From the first line to the last, repeat the data exactly and drop the pictures.
*** Opening of DATA FOR REVIEW ***
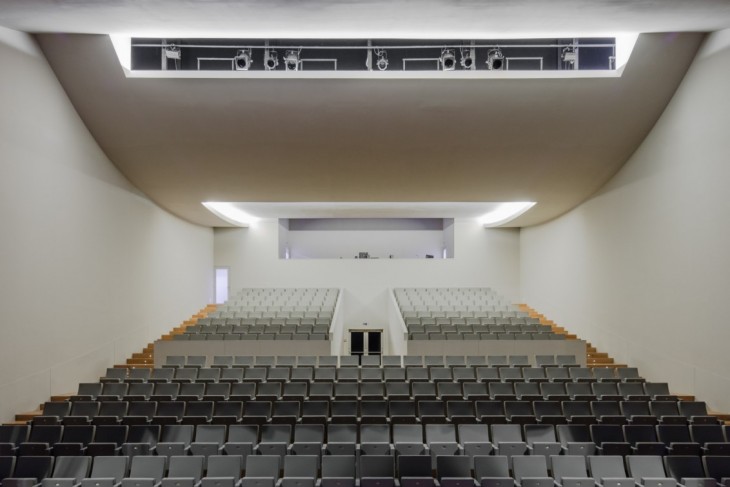 JM_SizaVieira_TeatreAuditori_LlinarsdelValles_009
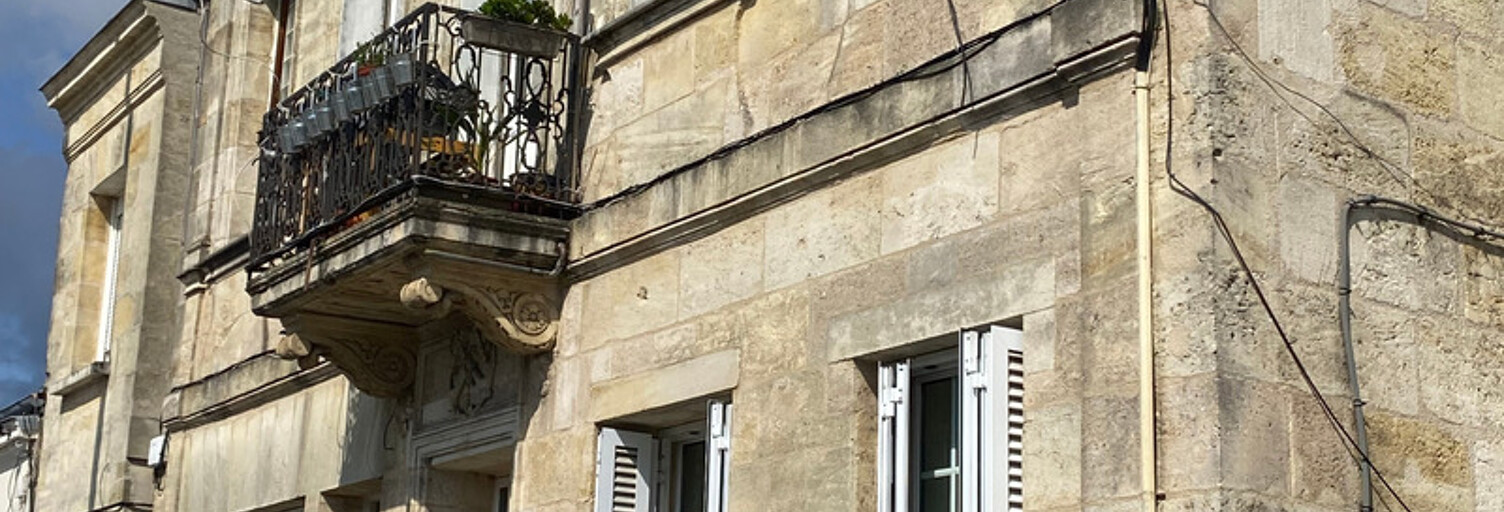 Immeuble  230 m² à vendre à Bordeaux (33000)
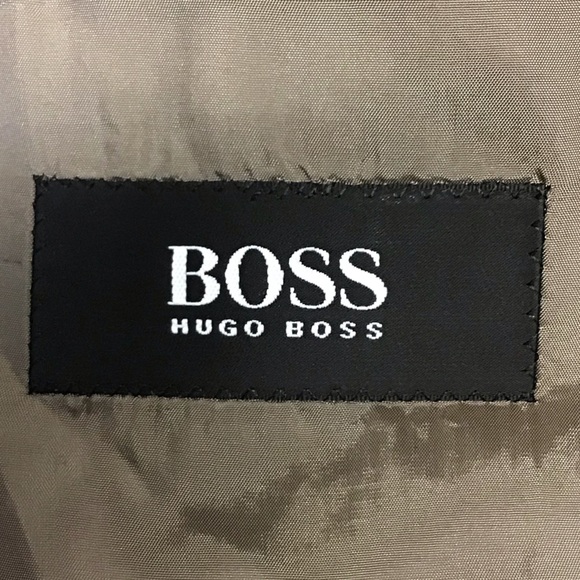 Hugo Boss 48R - Picture 5 of 7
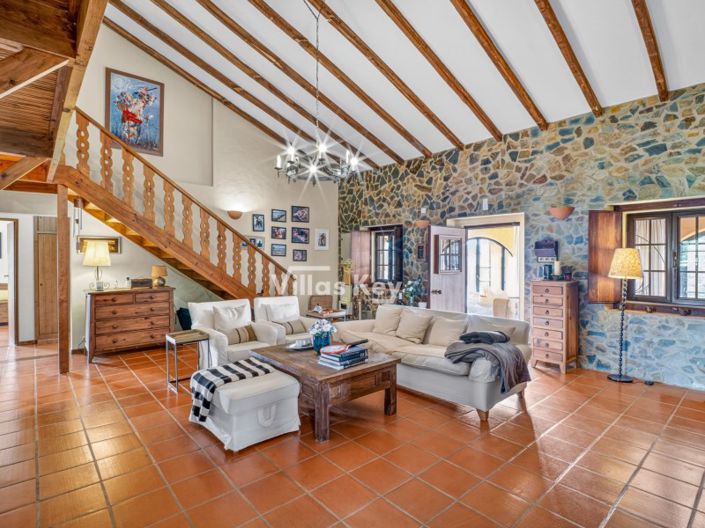 Image No.34-4 Bed Farmhouse for sale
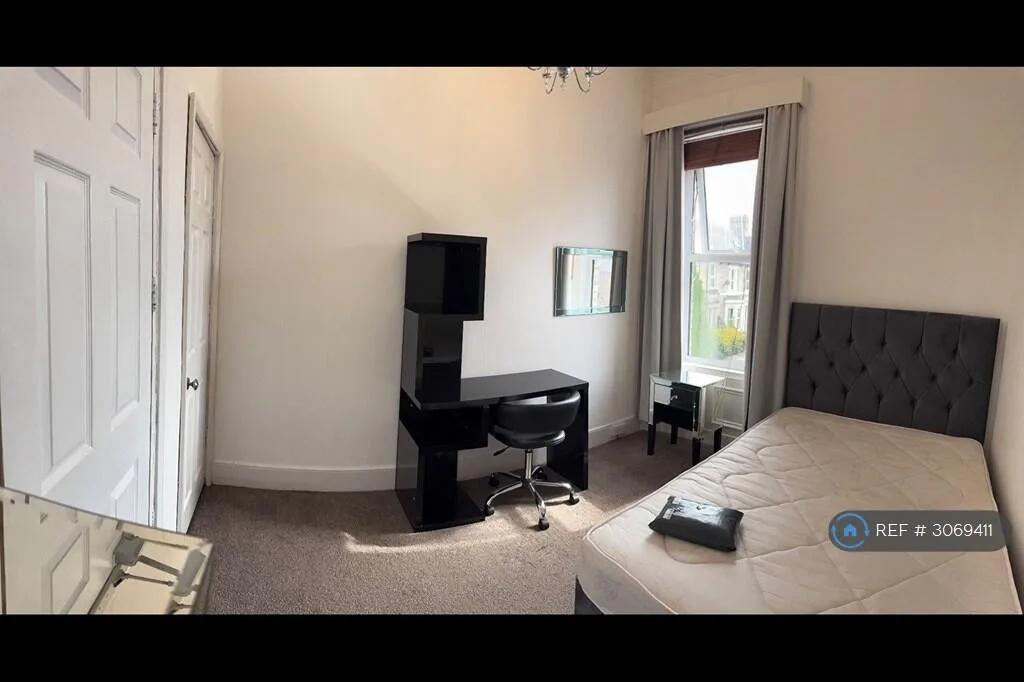 8 bedroom terraced house for rent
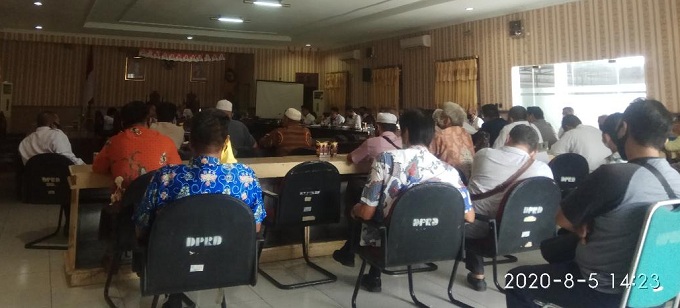 RDP Soal Sengketa Tanah Makam di DPRD Kotim Ribut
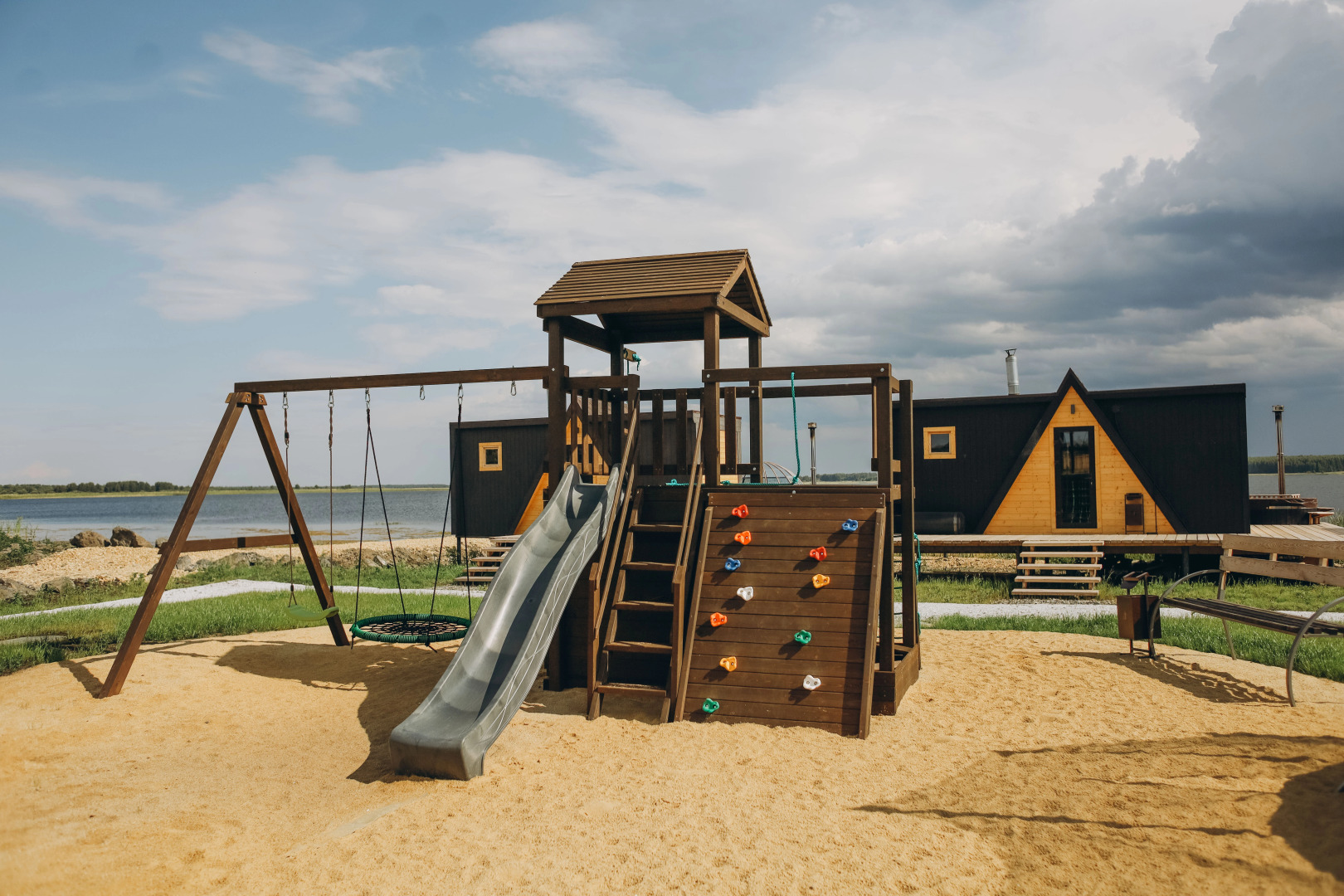 Глэмпинг Мандала Домики у Озера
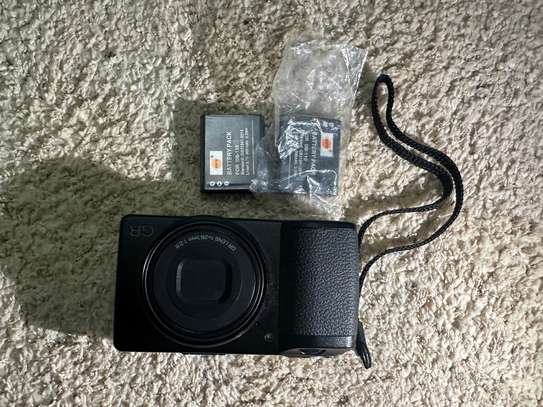 RICOH GR IIIx + 3 Batterie image 4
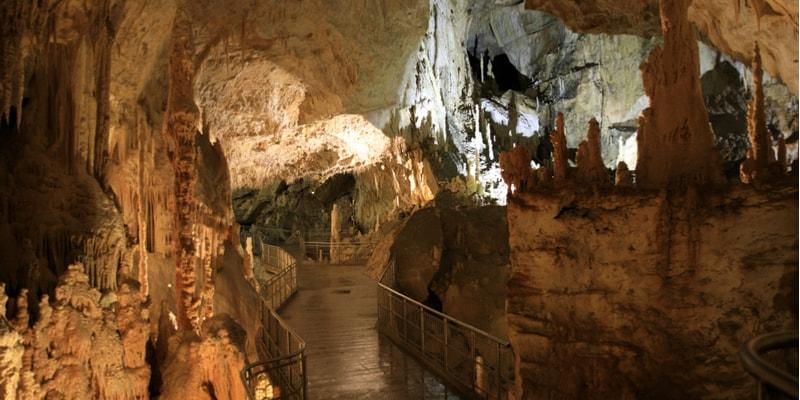 genga-gole-frasassi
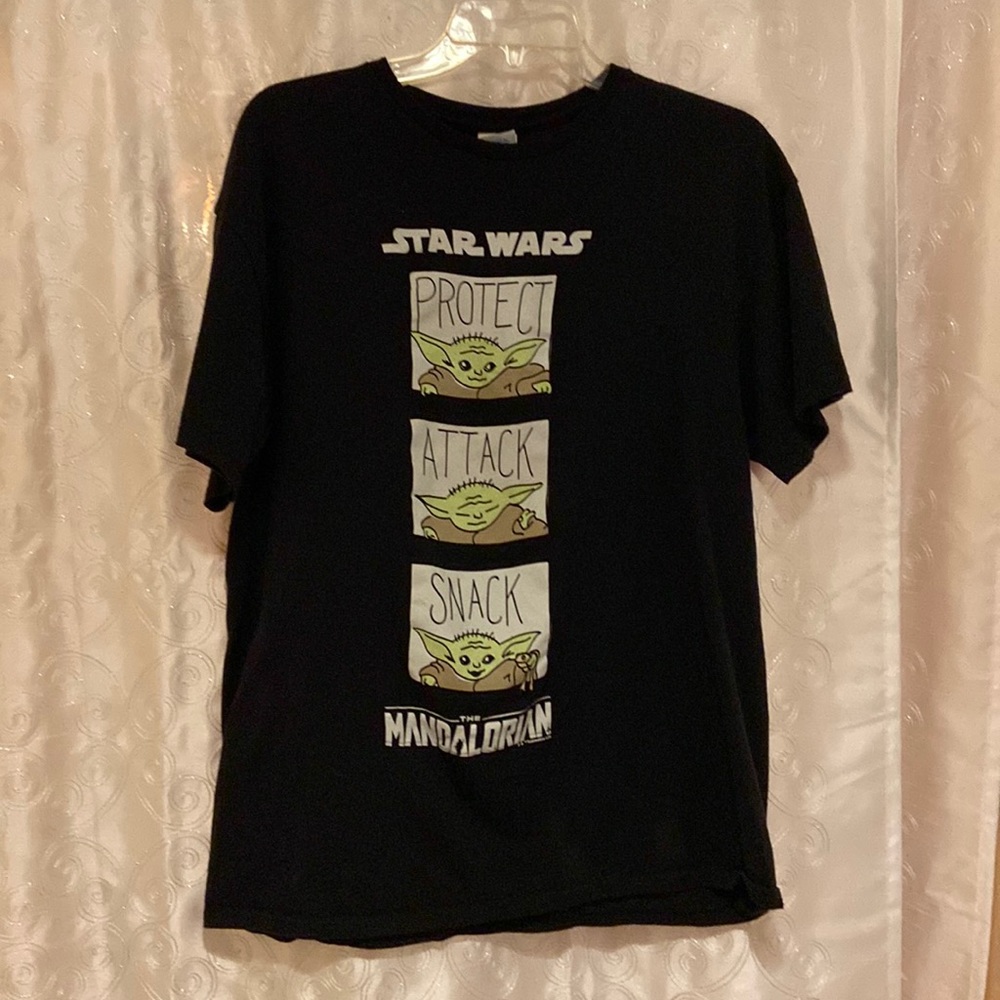 Star Wars The Mandalorian Protect, Attack, Snack T-Shirt Size Men’s Large 🔥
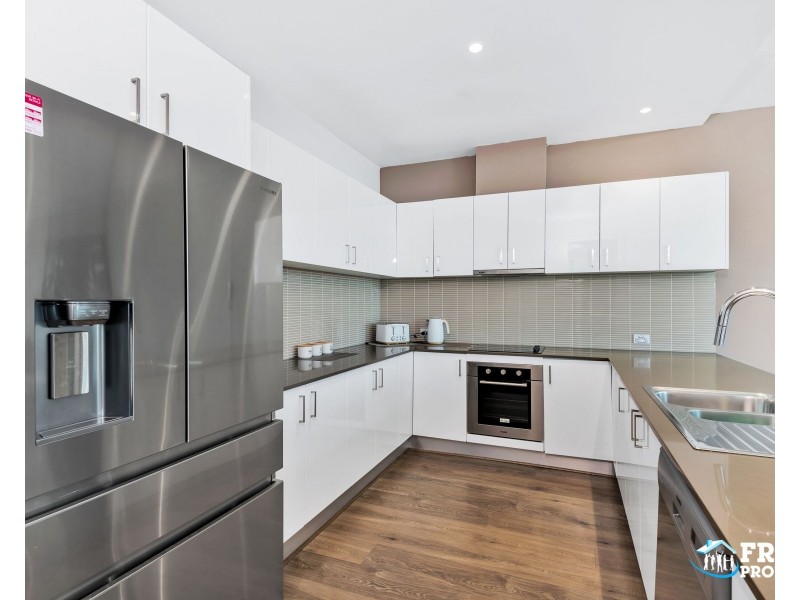 502/8-10 McLarty Place, Geelong VIC 3220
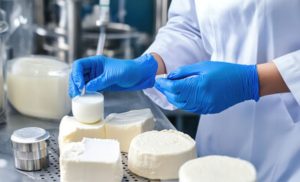 🔬 Testes mostraram redução de microrganismos, com destaque para bactérias mesofílicas na produção.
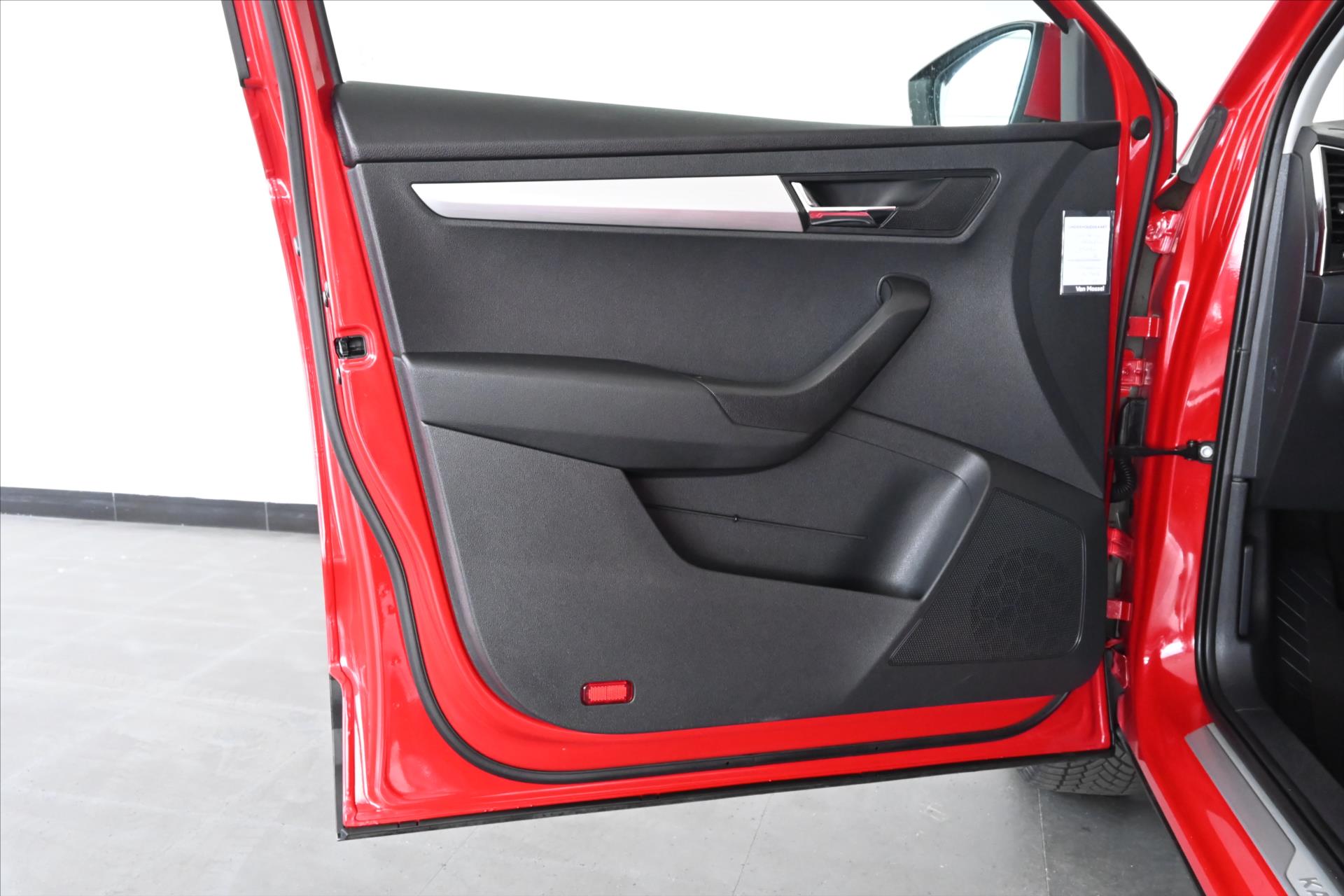 Hlavní fotografie vozu Škoda Karoq 1,0 TSi 81kW Ambiente Záruka až 5 let (24)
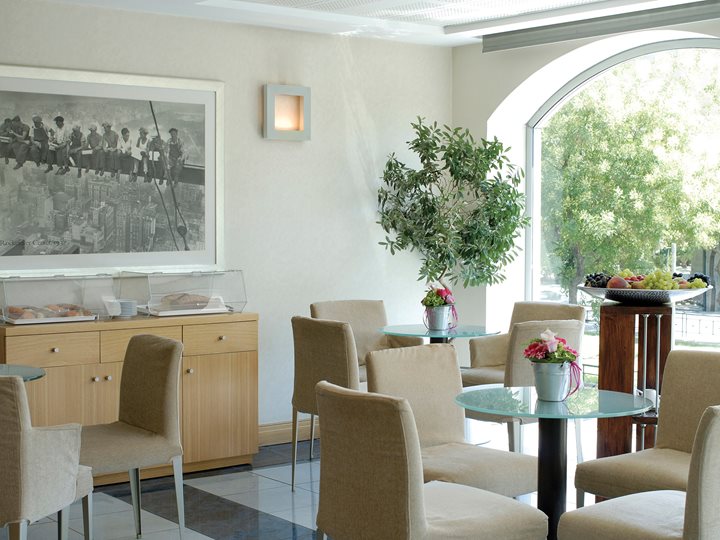 Petit Café Degli Artisti Restaurant, The Athenian Callirhoe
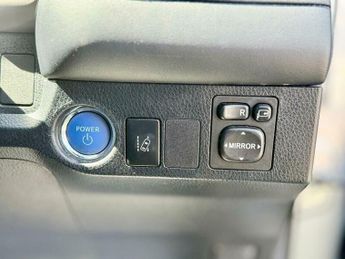 TOYOTA RAV4 2.5 VVT-h Excel CVT 4WD Euro 6 (s/s) 5dr (Safety Sense, Nav)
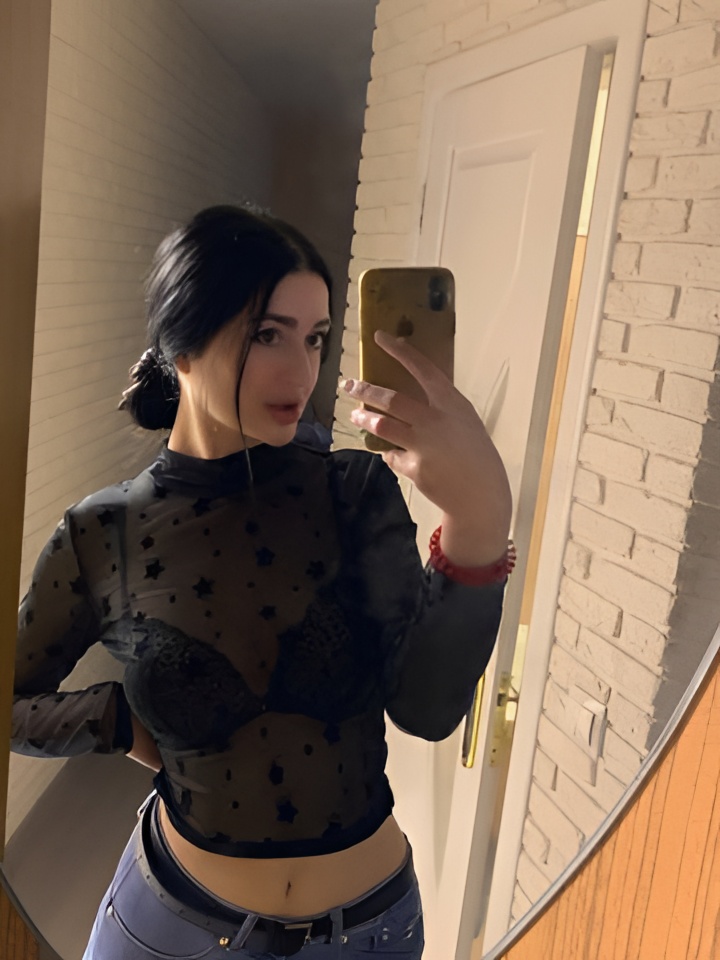 Жасмин привлекальеная девушка из Гомеля цена от 2000 руб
*** Close of DATA FOR REVIEW ***
* [EXERCISE SOLUTION]
 JM_SizaVieira_TeatreAuditori_LlinarsdelValles_009
 Immeuble  230 m² à vendre à Bordeaux (33000)
 Hugo Boss 48R - Picture 5 of 7
 Image No.34-4 Bed Farmhouse for sale
 8 bedroom terraced house for rent
 RDP Soal Sengketa Tanah Makam di DPRD Kotim Ribut
 Глэмпинг Мандала Домики у Озера
 RICOH GR IIIx + 3 Batterie image 4
 genga-gole-frasassi
 Star Wars The Mandalorian Protect, Attack, Snack T-Shirt Size Men’s Large 🔥
 502/8-10 McLarty Place, Geelong VIC 3220
 🔬 Testes mostraram redução de microrganismos, com destaque para bactérias mesofílicas na produção.
 Hlavní fotografie vozu Škoda Karoq 1,0 TSi 81kW Ambiente Záruka až 5 let (24)
 Petit Café Degli Artisti Restaurant, The Athenian Callirhoe
 TOYOTA RAV4 2.5 VVT-h Excel CVT 4WD Euro 6 (s/s) 5dr (Safety Sense, Nav)
 Жасмин привлекальеная девушка из Гомеля цена от 2000 руб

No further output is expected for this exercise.